Can Cheap Wine Be Good? And Other Mysteries of the Wine World

Kirsten Lindquist, Arcata Wine Department Heads

Drinking wine is such a wonderful pleasure. But the cost of consuming wine can add up, especially if you want to a have a glass or two with your meal each night. For most of us who enjoy wine, the question becomes: how do you shop for wine that tastes good, but doesn’t break your budget?

Pricing in the wine world can be mysterious—sometimes inexpensive wine tastes great. However, once you understand how winemakers calculate their costs, you can make informed choices and be a smarter wine shopper.

The greatest cost in winemaking is the grapes. If you own the land outright, you don’t have to pay a mortgage or buy grapes from someone else. This substantially reduces the cost of making your wine. Wineries that have been producing for several generations usually own their grapes, which is most often the case with many French, Italian, and Spanish wineries. This explains why inexpensive European wines can taste good, but finding the same quality in wines from west coast states, such as California or Oregon, is harder. 

As with all human-made goods, mass production reduces costs and allows the seller to sell for less. Wine is no different. Well-known brands such as Bogle or Fisheye produce thousands of cases of wine, so their prices are lower. The grapes for those wines are sourced from multiple places and are produced to taste the same each year. Cabernet Sauvignon 2014 should taste the same as 2015, etc. It is this consistency that makes them popular.

When a wine is made from grapes that are all grown in a specific vineyard, the flavor of the wine is more distinct because the grapes were all produced in the exact same climate and in the same soil. This is what “terroir” is; wine that tastes of grapes grown in a specific location and climate in a specific year. When a winemaker can make a wine that is this specific, it makes the wine unique, and in the wine world, uniqueness is prized and often more costly. Much of the mystery of labeling on European wine is to designate regions and vineyard-specific wine for people who understand those specifics and know what they want to drink. 

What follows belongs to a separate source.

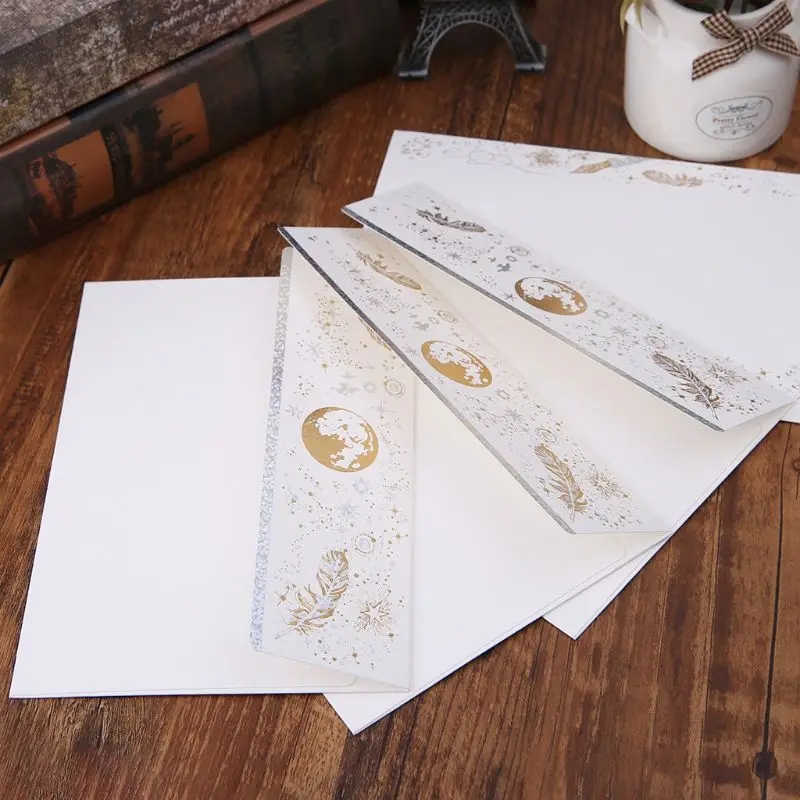 

10pcs Creative Bronzing Feather Envelope For Wedding Invitation Cards Gifts Stationery Letter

California and Oregon wines also display vineyard names and regions, known as AVAs – American Viticultural Areas. Napa, Sonoma, Los Carneros, and yes, even Willow Creek, are designated AVAs. When a wine label has those words on it, that means the grapes were grown in that location, and are not diluted by grapes from somewhere else. Wine using grapes from multiple AVAs produce good tasting wine, but in the wine world, the higher prices are reserved for wines produced from grapes grown in AVAs with the most desirable terroir, such as Cabernet Sauvignon from Los Carneros in Napa Valley or Pinot Noir from Anderson Valley.

Wine made locally by Humboldt winemakers is usually higher priced than other California wines, because small producers have to buy their grapes from a farmer. So the extra $5-8 dollars a bottle you pay for a local wine is not padding the pocket of the winemaker, it is covering their costs of production. Buying local wine is supporting your neighbor’s livelihood.